Adding Functionality to Apache NiFi
Also available as:
PDF
loading table of contents...

Route Based on Content (One-to-Many)

If a Processor will route a single FlowFile to potentially many relationships, this Processor will be slightly different than the above-described Processor for Routing Data Based on Content. This Processor typically has Relationships that are dynamically defined by the user as well as an unmatched relationship.

In order for the user to be able to define additionally Properties, the getSupportedDynamicPropertyDescriptor method must be overridden. This method returns a PropertyDescriptor with the supplied name and an applicable Validator to ensure that the user-specified Matching Criteria is valid.
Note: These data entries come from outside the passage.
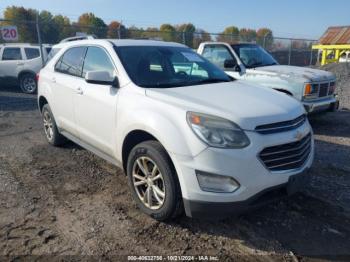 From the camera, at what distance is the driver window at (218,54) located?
8.18 metres

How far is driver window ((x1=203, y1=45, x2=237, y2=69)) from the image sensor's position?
8180mm

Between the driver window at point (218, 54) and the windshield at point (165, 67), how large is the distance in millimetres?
3511

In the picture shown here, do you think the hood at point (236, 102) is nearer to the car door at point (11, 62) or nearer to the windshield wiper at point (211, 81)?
the windshield wiper at point (211, 81)

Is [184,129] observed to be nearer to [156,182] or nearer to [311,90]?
[156,182]

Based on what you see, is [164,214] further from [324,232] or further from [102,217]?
[324,232]

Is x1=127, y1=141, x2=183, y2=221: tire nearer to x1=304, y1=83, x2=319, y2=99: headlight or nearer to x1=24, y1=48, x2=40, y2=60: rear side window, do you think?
x1=304, y1=83, x2=319, y2=99: headlight

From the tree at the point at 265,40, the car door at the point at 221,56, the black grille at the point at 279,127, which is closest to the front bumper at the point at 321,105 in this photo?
the car door at the point at 221,56

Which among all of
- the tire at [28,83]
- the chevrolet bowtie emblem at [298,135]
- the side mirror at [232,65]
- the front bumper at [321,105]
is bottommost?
the tire at [28,83]

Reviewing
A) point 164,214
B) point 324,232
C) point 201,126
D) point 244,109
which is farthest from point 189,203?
point 324,232

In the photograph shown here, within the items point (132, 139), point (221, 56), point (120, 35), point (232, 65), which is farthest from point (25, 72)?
point (132, 139)

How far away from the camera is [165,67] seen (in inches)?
168

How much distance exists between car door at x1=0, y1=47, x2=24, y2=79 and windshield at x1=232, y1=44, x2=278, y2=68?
8736mm

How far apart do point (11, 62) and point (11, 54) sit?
0.33 m

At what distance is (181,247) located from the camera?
313 cm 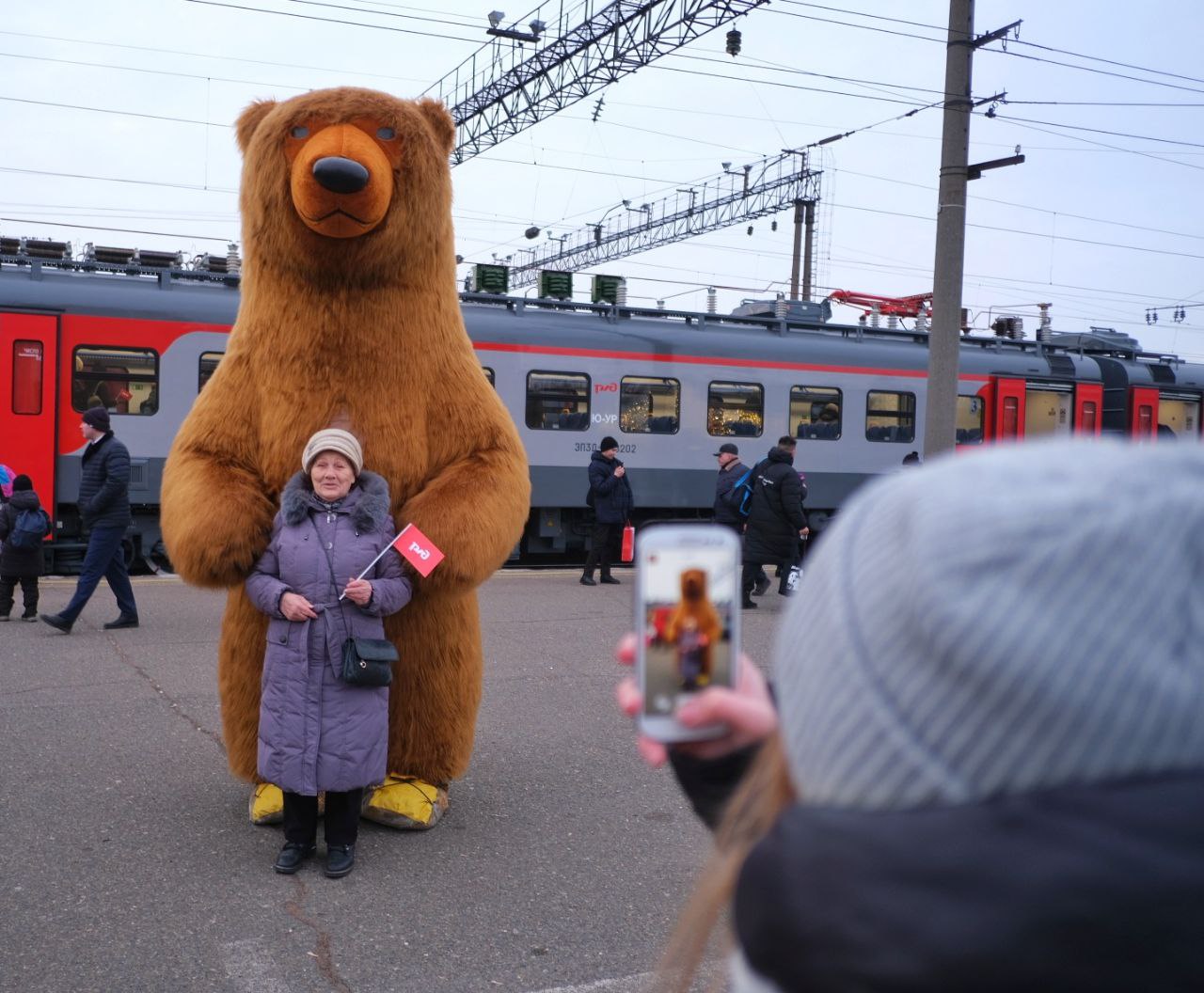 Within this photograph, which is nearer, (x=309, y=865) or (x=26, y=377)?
(x=309, y=865)

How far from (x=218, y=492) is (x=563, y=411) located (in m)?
9.95

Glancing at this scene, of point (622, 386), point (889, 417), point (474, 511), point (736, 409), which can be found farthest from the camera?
point (889, 417)

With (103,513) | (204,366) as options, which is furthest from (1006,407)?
(103,513)

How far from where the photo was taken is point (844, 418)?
1564 cm

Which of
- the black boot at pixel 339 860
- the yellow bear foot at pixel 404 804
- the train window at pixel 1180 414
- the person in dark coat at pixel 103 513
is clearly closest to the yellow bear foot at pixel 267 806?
the yellow bear foot at pixel 404 804

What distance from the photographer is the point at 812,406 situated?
1546cm

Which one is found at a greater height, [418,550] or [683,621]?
[683,621]

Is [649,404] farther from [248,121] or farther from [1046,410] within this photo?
[248,121]

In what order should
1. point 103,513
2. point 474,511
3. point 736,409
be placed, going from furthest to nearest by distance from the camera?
1. point 736,409
2. point 103,513
3. point 474,511

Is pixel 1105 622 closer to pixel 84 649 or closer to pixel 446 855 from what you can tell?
pixel 446 855

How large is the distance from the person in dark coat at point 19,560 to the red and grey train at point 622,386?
2450mm

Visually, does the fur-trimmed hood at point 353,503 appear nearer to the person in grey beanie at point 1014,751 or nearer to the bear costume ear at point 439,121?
the bear costume ear at point 439,121

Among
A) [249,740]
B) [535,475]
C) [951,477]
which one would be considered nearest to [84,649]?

In this Processor, the Set of Relationships that is returned by the getRelationships method is a member variable that is marked volatile. This Set is initially constructed with a single Relationship named unmatched. The onPropertyModified method is overridden so that when a Property is added or removed, a new Relationship is created with the same name. If the Processor has Properties that are not user-defined, it is important to check if the specified Property is user-defined. This can be achieved by calling the isDynamic method of the PropertyDescriptor that is passed to this method. If this Property is dynamic, a new Set of Relationships is then created, and the previous set of Relationships is copied into it. This new Set either has the newly created Relationship added to it or removed from it, depending on whether a new Property was added to the Processor or a Property was removed (Property removal is detected by check if the third argument to this function is null). The member variable holding the Set of Relationships is then updated to point to this new Set.

If the Properties that specify routing criteria require processing, such as compiling a Regular Expression, this processing is done in a method annotated with @OnScheduled, if possible. The result is then stored in a member variable that is marked as volatile. This member variable is generally of type Map where the key is of type Relationship and the value's type is defined by the result of processing the property value.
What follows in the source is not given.